Irony of ironies, my favorite dish at Felix's is the lobster layer dip -- not because of the lobster. What I remember most about this appetizer (ahem, Grazing Plate) is that it tasted like deliciously déclassé egg salad, with gobs of mayonnaise and loads of hard-cooked egg. The fact that it's described as being made with rémoulade only adds to my amusement, as rémoulade is basically a fancy French way of saying "mayonnaise mixed with mustard and relish."

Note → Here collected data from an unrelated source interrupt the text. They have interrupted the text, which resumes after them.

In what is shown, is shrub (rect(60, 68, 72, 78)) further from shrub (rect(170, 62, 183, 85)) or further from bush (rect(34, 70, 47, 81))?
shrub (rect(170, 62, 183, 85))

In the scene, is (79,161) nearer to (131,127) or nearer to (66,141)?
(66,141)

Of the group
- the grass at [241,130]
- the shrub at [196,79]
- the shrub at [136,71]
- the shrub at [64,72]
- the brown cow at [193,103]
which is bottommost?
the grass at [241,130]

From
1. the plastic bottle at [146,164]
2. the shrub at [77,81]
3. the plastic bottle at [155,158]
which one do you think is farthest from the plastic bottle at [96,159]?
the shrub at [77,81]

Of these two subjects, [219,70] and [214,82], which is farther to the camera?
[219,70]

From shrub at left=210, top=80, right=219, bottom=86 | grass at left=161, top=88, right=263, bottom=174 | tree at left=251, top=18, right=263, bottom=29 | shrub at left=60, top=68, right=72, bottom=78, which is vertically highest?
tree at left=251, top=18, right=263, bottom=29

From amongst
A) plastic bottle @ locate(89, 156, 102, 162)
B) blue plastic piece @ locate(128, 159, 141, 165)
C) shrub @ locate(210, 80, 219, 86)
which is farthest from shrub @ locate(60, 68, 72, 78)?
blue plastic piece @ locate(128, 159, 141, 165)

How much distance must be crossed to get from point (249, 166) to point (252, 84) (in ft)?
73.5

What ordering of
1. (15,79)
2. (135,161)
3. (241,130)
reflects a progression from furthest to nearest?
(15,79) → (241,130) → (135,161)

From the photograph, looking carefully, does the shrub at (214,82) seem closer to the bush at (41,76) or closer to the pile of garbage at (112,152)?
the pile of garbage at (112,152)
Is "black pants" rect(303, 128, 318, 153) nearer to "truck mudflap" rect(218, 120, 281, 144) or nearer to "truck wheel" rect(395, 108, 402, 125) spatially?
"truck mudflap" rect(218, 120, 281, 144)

And then, wonder of wonders, dessert ("Irresistible Sweets") turns out to be a crowd-pleasing course. The coconut roulade (from Sugaree Baking Company down the street) is outstanding: sweet but not sugary, terrifically distended with a belly full of coconut cream. As it's served in so many restaurants nowadays, a flourless chocolate cake (also from Sugaree) is basically a block of fudge drizzled with some raspberry sauce, far from intricate but no cause for complaint. And what's best about the pineapple-and-macadamia-nut upside-down cake is not that it's made in house or that it's got a finger-licking-good custard sauce, or the fact that it's as scrumptious as any chocolate dessert, but the fact that unlike most of the menu items that merely pose as retro, this one actually is.

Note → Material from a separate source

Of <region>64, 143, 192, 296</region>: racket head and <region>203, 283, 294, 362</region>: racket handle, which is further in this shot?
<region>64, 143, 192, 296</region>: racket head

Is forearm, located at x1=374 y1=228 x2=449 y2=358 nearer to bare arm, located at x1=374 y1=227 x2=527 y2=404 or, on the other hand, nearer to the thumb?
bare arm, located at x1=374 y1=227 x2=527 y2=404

Speaking of poseurs versus the real deal, Felix's does have some fun with the two on its drink menu. Specialty cocktails are divided up according to "The Real Deal" (meaning martinis and nothing more), "Contenders" (such as sidecars and Manhattans) and "Pretenders" (your girly, frothy cocktails). In this last category, Felix's throws into the mix a mochatini (Absolut Vanilia, Kahlúa, chocolate liqueur and cream) and a key lime pie martini (Absolut Vanilia, lime juice, triple sec and cream, with crushed graham crackers on the rim). Clever, but mostly unnecessary. The mochatini needs a heavier dose of cream and chocolate syrup; as is, it tastes like chocolate medicine. The key lime martini is smoother and makes for a nice dessert.

While Felix's dining room and lounge receive their test runs from curious, culinary-minded people, the separate barroom seems to have already filled up nicely with regulars -- meaning mostly bartenders' friends and friends of friends, with a few folks from the neighborhood. In that way, Felix's is quite like Dogtown's more laid-back, unpretentious, everybody-knows-your-name watering holes. The rest of this restaurant should come off so relaxed.